The marketing department of the company changes it’s campaign every calendar year. The decision for the changes in the campaign for a new year is highly influenced by the the effectiveness of last year’s campaign with reference to previous years campaign.

If the campaign for the recent year is better than the previous year’s campaign, then the marketing department  might stick to it. Otherwise, if they see a degradation they might makes changes to the campaign. This is where the analysis comes into the picture.

Although we are considering a specific criteria for campaign effectiveness, it can be defined in a broader context.

Conversion Data

Our conversion data for customers who signed up in a given year is as follows. We are mostly interested the time lag in months between signup date and conversion date, which is the last field

  1. Customer ID
  2. Referring channel
  3. Signup date
  4. Number months to conversion

Here is some sample data

9CZ7ID43O4,organic search,2015-03-20,4
SG37B4L7WS,paid search,2015-08-16,3
215509TFBR,organic search,2015-05-23,0
N2RB32HMMP,paid search,2015-06-22,3
RT1W3YC0QS,paid search,2015-05-23,4

Statistical Analysis

We are going to calculate the distribution of conversion lag time. The Spark job NumericalAttrDistrStats calculates mean, median, std deviation and other statistical quantities  for any field containing numerical data.  It’s general purpose statistics calculator. In our case, we are only analyzing the 4th field which is the time lag for conversion in months.

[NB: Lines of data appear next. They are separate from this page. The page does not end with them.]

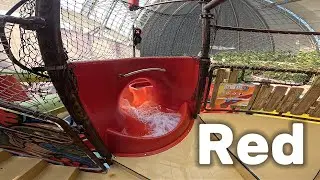 Red | Jungle Splash | Water Slide in Water Park Tropical Islands Germany, POV 4k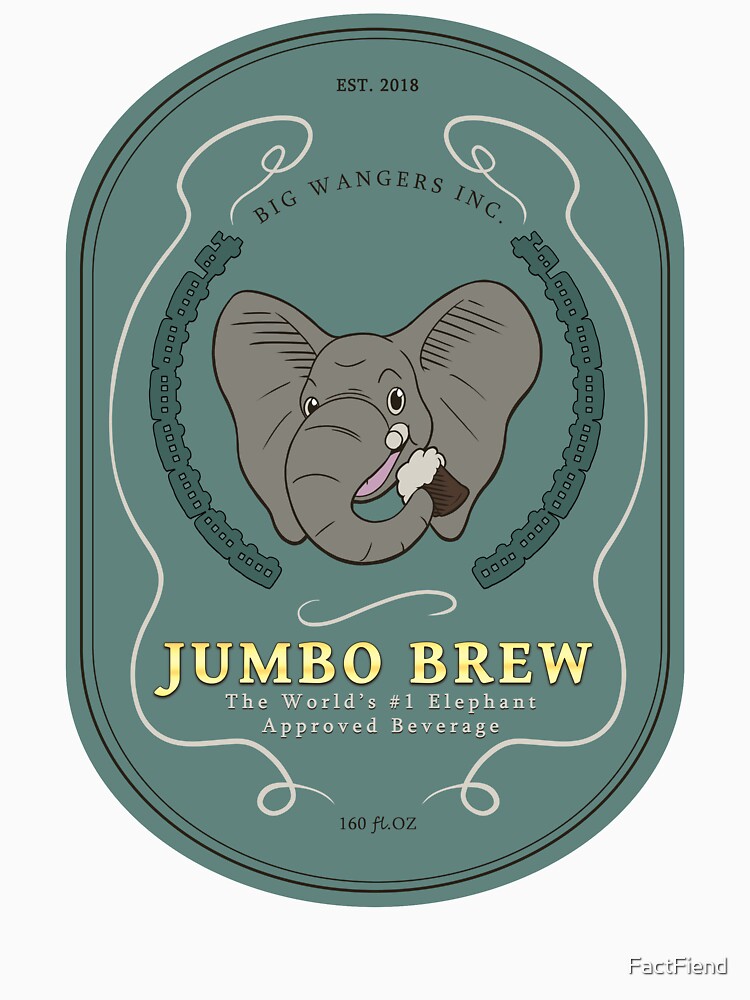 Thumbnail 7 of 7, Classic T-Shirt, Jumbo Brew - By Tasha Tiana designed and sold by FactFiend.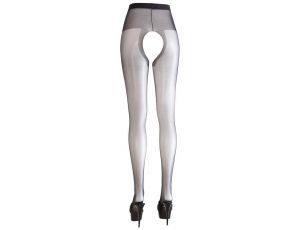 Rajstopy z otwartym kroczem Cottelli LEGWEAR czarne 20 DEN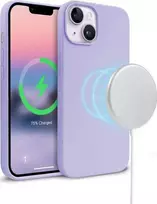 Crong Color Cover Magnetic dėklas skirtas Apple iPhone 14 Plus, violetinė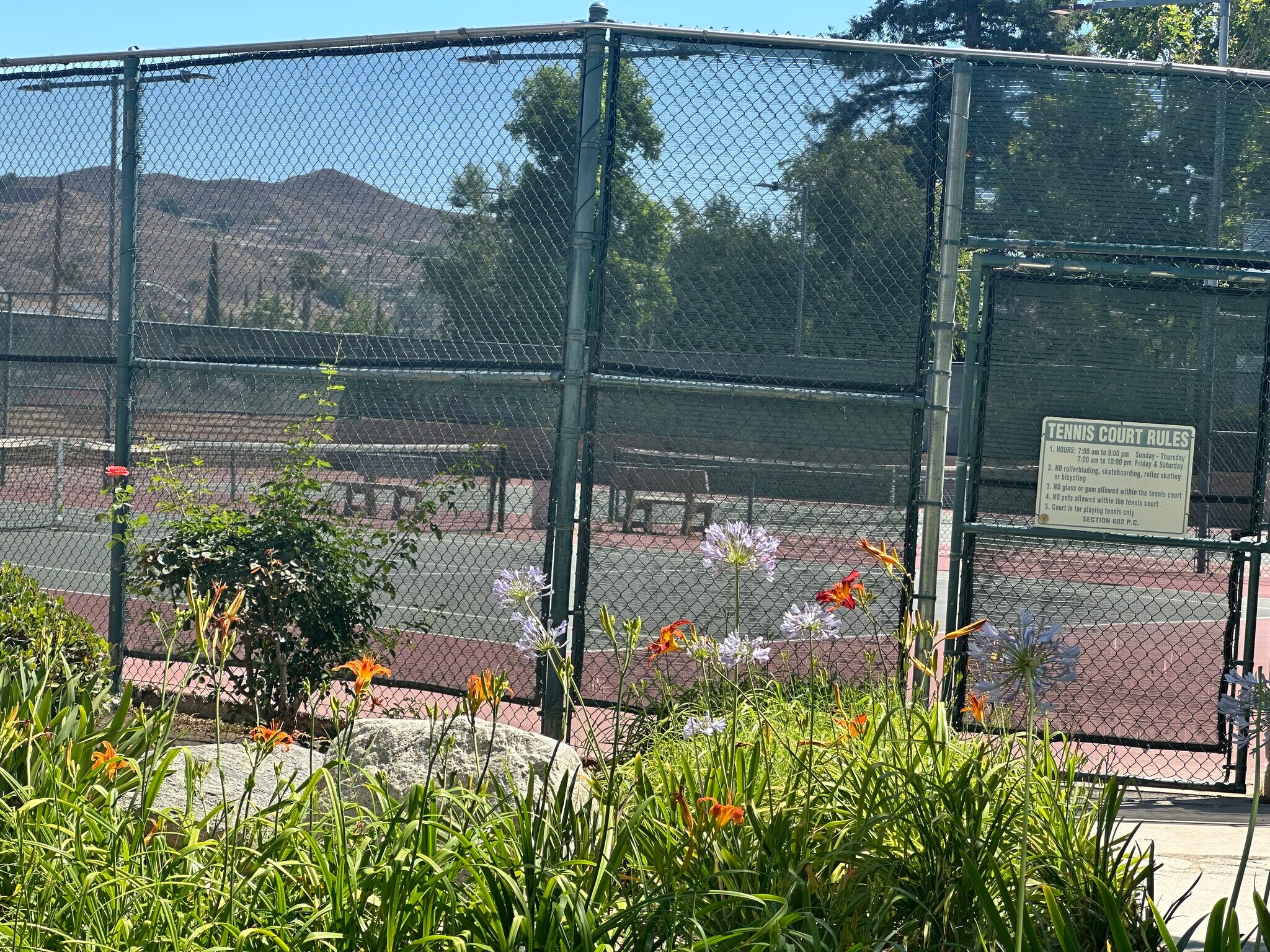 tennis courts - 26864 Claudette St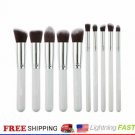 10Pcs Soft Cosmetic Makeup Brushes Tool Eyebrows Face Kanuki Brush Pencil Brush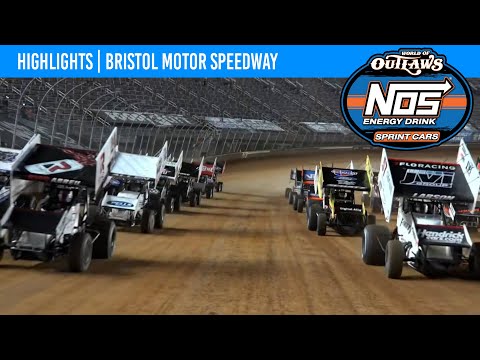 World of Outlaws NOS Energy Drink Sprint Cars Bristol Motor Speedway, April 30, 2022 | HIGHLIGHTS - dirt track racing video image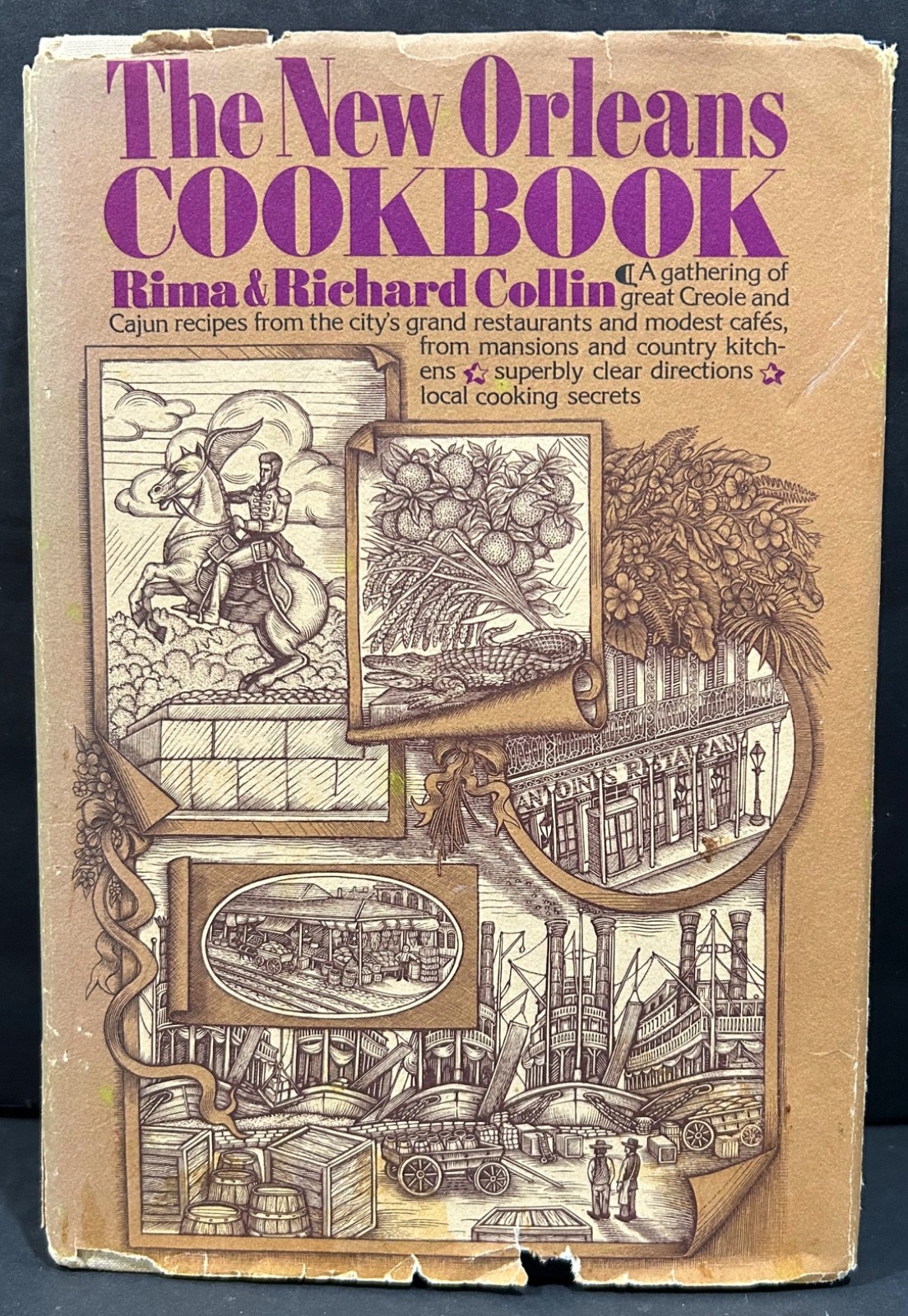 The New Orleans Cookbook by Rima & Richard Collin (1975 HC/DJ) 7th Printing 1979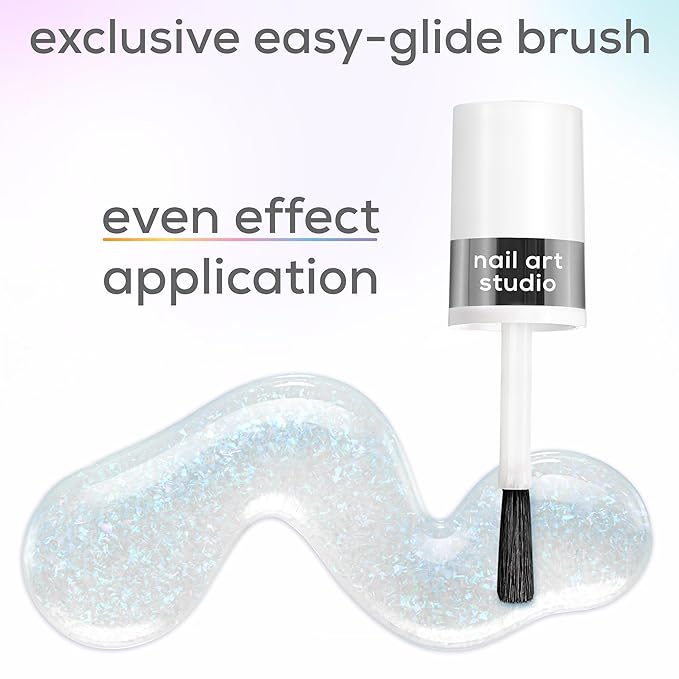 essie Nail Art Studio Special Effects Polish, Shimmer, Vegan, Pink Nail Polish, Astral Aura, 0.46 Fl Oz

We perform the analysis for data for 2 consecutive years 2014 and 2015. Each year has a slightly different online campaign. We want to compare the statistical analysis results side by side for those 2 years. Specifically, we will compare the campaign result of 2015 with reference to the campaign result of 2014. Here is the out put for those 2 years

Year: 2014
Year: 2015

The first part of the output is the actual distribution or histogram. The distribution is over number of customers converting against number of months lagging the signup date. The second part of the output contains various summary statistics. Here is the output with annotation and comments for better clarity.

Statistics Year: 2014 Year: 2015 Comment
Mean 3.912 3.315 Mean lag time for 2015 is  lower
Median 3.957 3.317 Median lag time for 2015 is lower
Std Dev 2.770 2.700 Std dev of lag time is about same
Mode 2.500 0.500 Most conversion for 2015 happens on the first month after sign up.
Quantile(25%) 2.218 1.567 Conversion happens earlier for 2015
Quantile(50%) 3.957 3.317 Conversion happens earlier for 2015
Quantile(75%) 6.284 5.649 Conversion happens earlier for 2015
KL Divergence 0.023 There is difference in conversion lag distribution

It goes without saying that conversion rate is  the most important measurement. However, we are going beyond and peering into more detailed statistics based on the distribution of conversion lag time for additional insight. For example, if for the same conversion rate from two campaigns, with one the customers might convert earlier, which is better.

Based on the review of the results for the two years as listed above, we can conclude that the campaign for 2015 was more effective. The customers who signed up in 2015, tended to convert earlier with respect to sign up dates.

The last statistics Kullback-Leibler (KL) Divergence requires some explanation. essentially it measures the difference between two distributions in terms of entropy. Entropy is a measure of randomness in a distribution.  We will discuss more on this later.

The KL divergence only tells us of any difference in distributions at a macro level. We still have to look at other statistics listed above to gain better insight on the difference in responses of the two campaigns.

Kullback Leibler Divergence

KL divergence measures the difference between two distributions and it’s defined as below.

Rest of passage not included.